WORK REQUEST: Copy out all lines bearing the word "with" from the listing below.
--------------------------------------------------
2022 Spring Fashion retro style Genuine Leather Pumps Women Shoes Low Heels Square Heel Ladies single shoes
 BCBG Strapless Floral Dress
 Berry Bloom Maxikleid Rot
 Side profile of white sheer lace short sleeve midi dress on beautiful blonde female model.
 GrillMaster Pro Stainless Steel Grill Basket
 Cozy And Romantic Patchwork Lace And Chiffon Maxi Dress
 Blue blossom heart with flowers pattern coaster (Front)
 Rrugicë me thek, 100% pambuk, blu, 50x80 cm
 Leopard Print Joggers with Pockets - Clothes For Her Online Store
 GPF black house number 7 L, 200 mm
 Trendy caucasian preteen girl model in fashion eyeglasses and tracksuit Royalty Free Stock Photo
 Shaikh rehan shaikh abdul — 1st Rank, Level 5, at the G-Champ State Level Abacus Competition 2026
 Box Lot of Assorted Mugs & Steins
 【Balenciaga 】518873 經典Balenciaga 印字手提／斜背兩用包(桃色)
--------------------------------------------------
EXERCISE SOLUTION:
 Blue blossom heart with flowers pattern coaster (Front)
 Leopard Print Joggers with Pockets - Clothes For Her Online Store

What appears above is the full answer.